I need some drastic help guys and gals the other catch is he doesn't want me to delete his mailbox because he uses it as a filing cabinet
 
Pk, and now what is the Exchange Server got to do with that?
All you describe is a USER issue, something to tackle at user and/or PC level.
If that user does not want you to touch his e-mail, then do it anyway if you suspect it is causing trouble. Your network has priority over a 'difficult' user, regardless who this is.

Marc
[sub]If 'something' 'somewhere' gives 'some' error, expect random guesses or no replies at all.
Free Tip: The F1 Key does NOT destroy your PC!
[/sub]
 
Sounds like exchange is owned. Hackers, once in, write all sorts of evil programs that do just what you describe. I would rebuild, from scratch -- do not restore from backup!! To go about this, EXMERGE the mailboxes into PST, or have your users (if smart enough) to archive all their mail into a pst. Then, buy new harddrives and re install both os and mail software.

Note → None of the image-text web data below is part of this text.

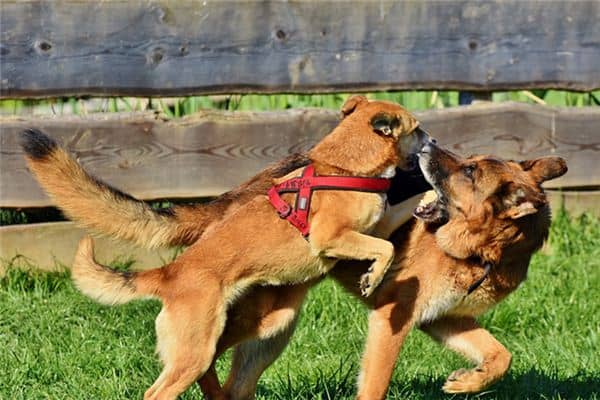 梦见狗打架是什么意思 梦见狗打架是什么意思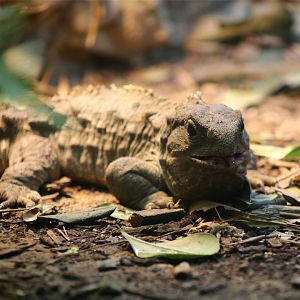 Tuatara (Sphenodon punctatus)
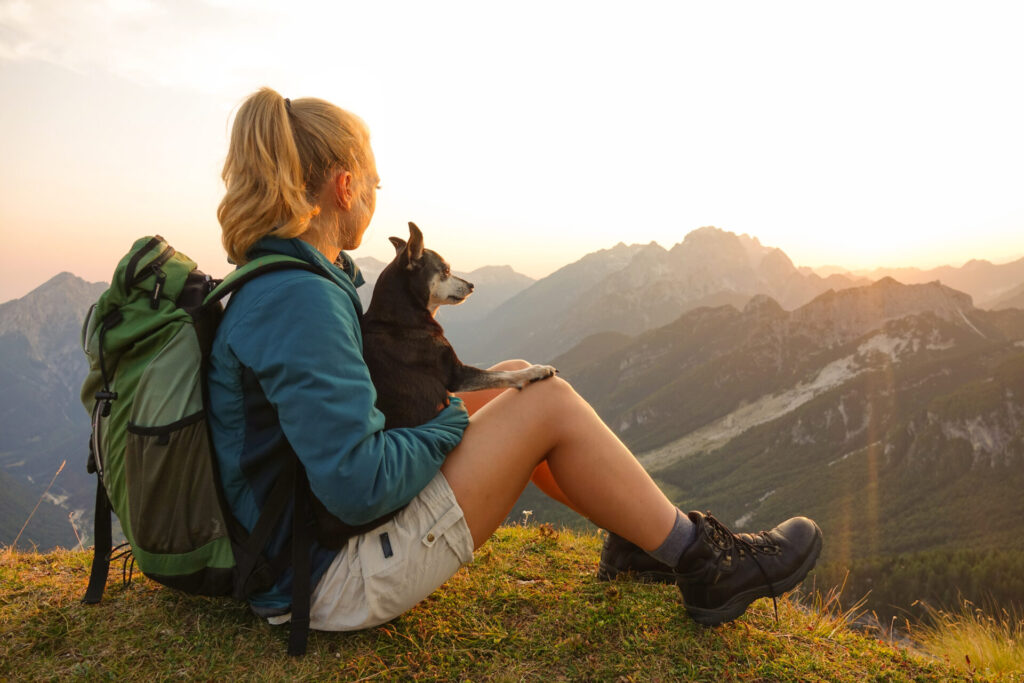 Met hond op vakantie | Handige tips voor op reis in 2025 4 met hond op vakantie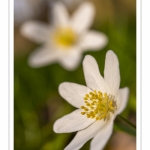 Anémone sylvie, Anémone des bois,Sylvie ,(Anemone nemorosa)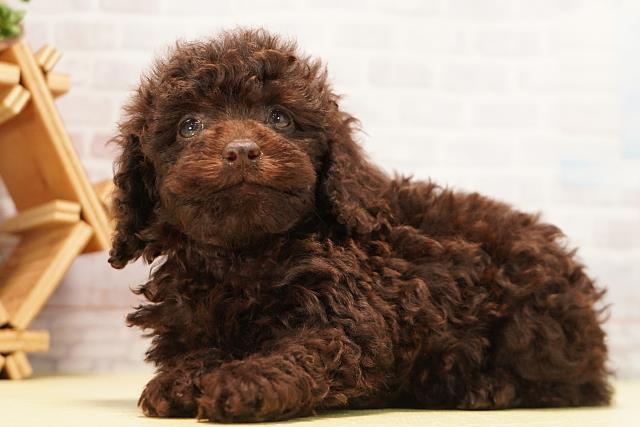 愛知県のトイプードル(トイ) (Coo&RIKU豊田店/2026年7月12日生まれ/男の子/ブラウン)の子犬の3枚目の画像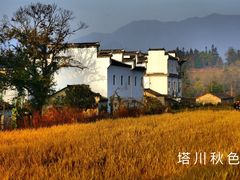 -塔川景区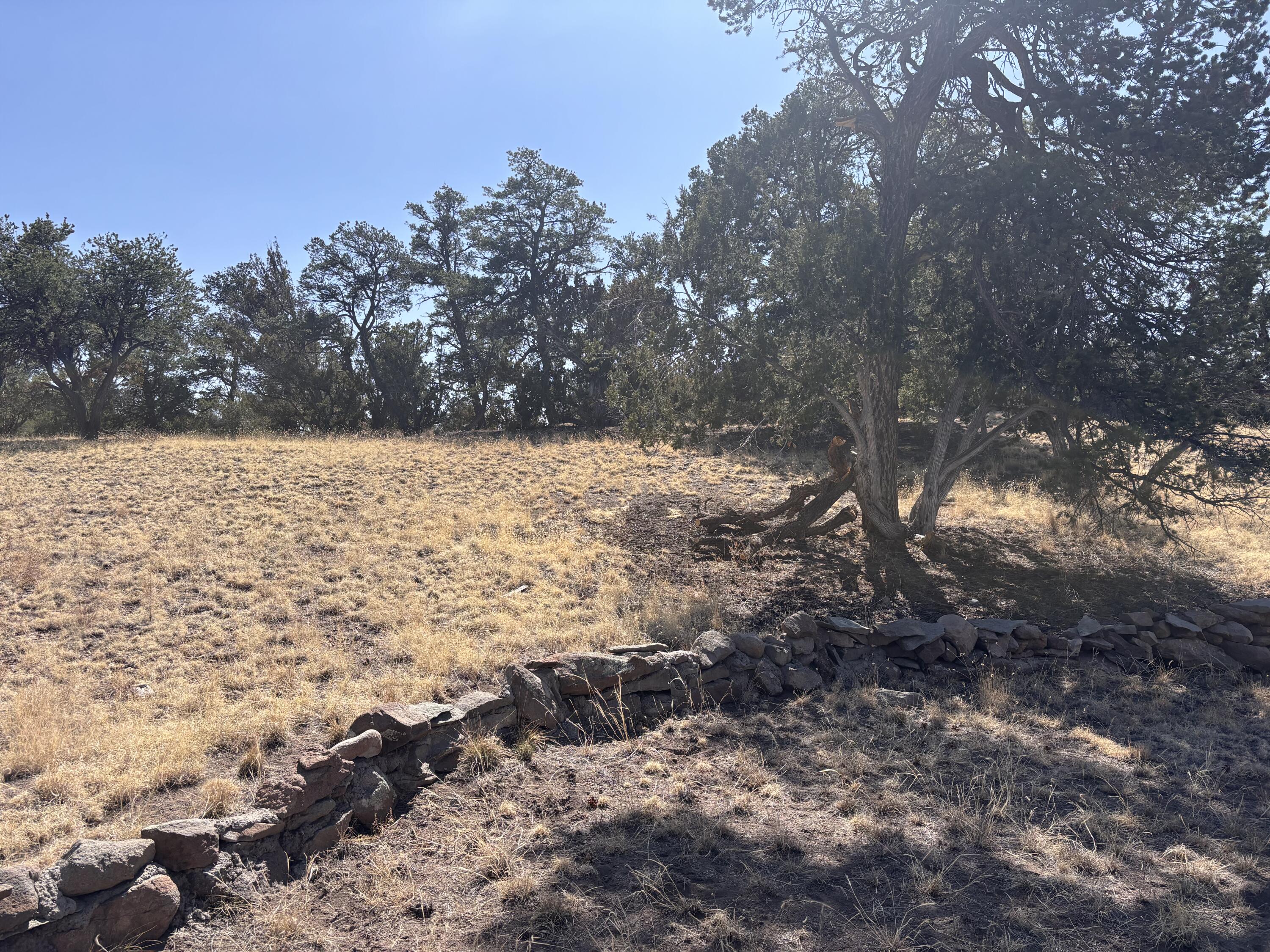 233 Turquoise Trail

Then I would put a firewall/SMTP proxy and filter out any non-necessary file types (.zip <--DO NOT EVER ALLOW ZIP FILES, it's just flat out retarded!!! .msi, .ocx, .rar, .exe, .scr, .pif, .bat, .htm, .cmd... Better yet, with your situation, I'd deny all and start allowing only what is needed) .

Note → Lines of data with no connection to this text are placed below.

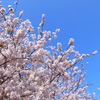 SAKURA2012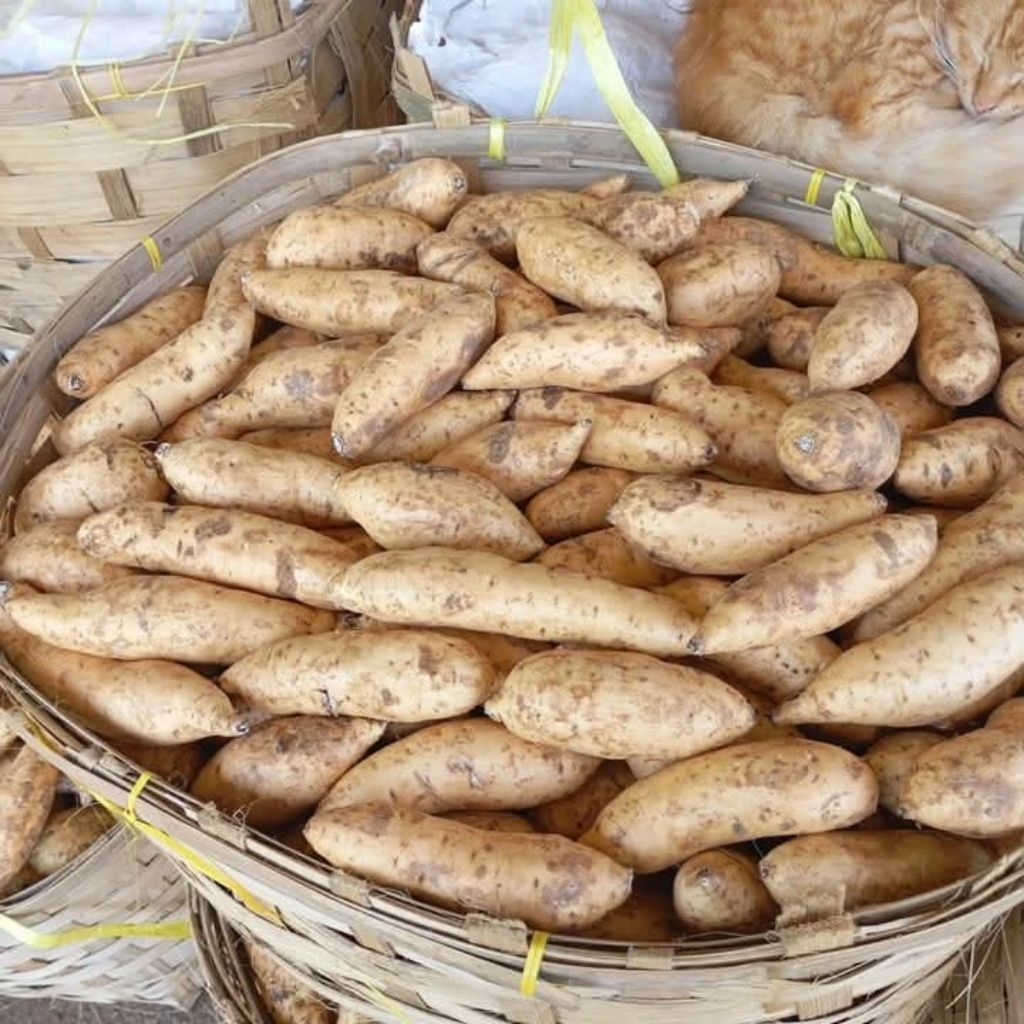 

Ubi Cilembu Madu Asli 1kg mentah kecil di kukus/rebus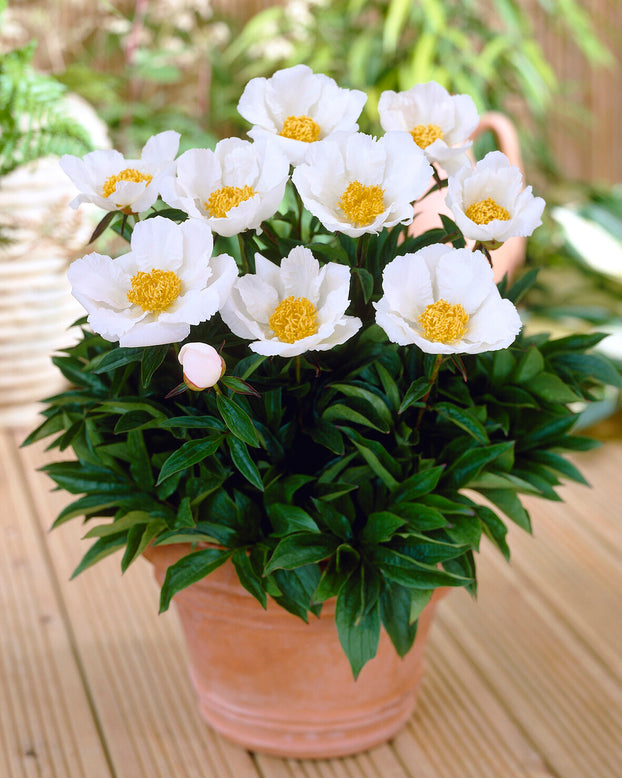 Paeonia 'Krinkled White'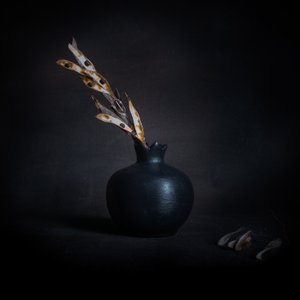 Dark Botanical Still Life by Cicek Kiral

Make sure to only expose port 25, and nothing else. If your clients need OWA, POP3, or IMAP4, route it through an ISA server, or through and HTTP proxy that filters the same file type as listed above. I've yet to see a POP3 or IMAP proxy that was worth a damn...

I highly recommend any watchguard product. It's SMTP proxy has saved my hairy butt on numerous occasions. Not only will it filter whatever you tell it, but it's designed to only allow in mail that meets RFC standards. This way, if some hacker tries to exploit, he's unsuccessful.
 
I would think a process of elimination would be best, before drastic measures. Get the user (or do for him) to archive his entire mailbox to pst(s). Delete the mailbox and recreate. Rebuild the desktop and try to access to new mailbox. If everything goes ok, you can then open a copy of the .pst (offline) and work through that to delete the 'bad' emails. If you cannot delete, then maybe forward them to the user (plain text?) so that they get scanned and cleaned. If however, you found that a new mailbox on a new desktop install (without having browsed the internet) again has the problem, you know that it is not the users setup or mailfile and needs further investigation.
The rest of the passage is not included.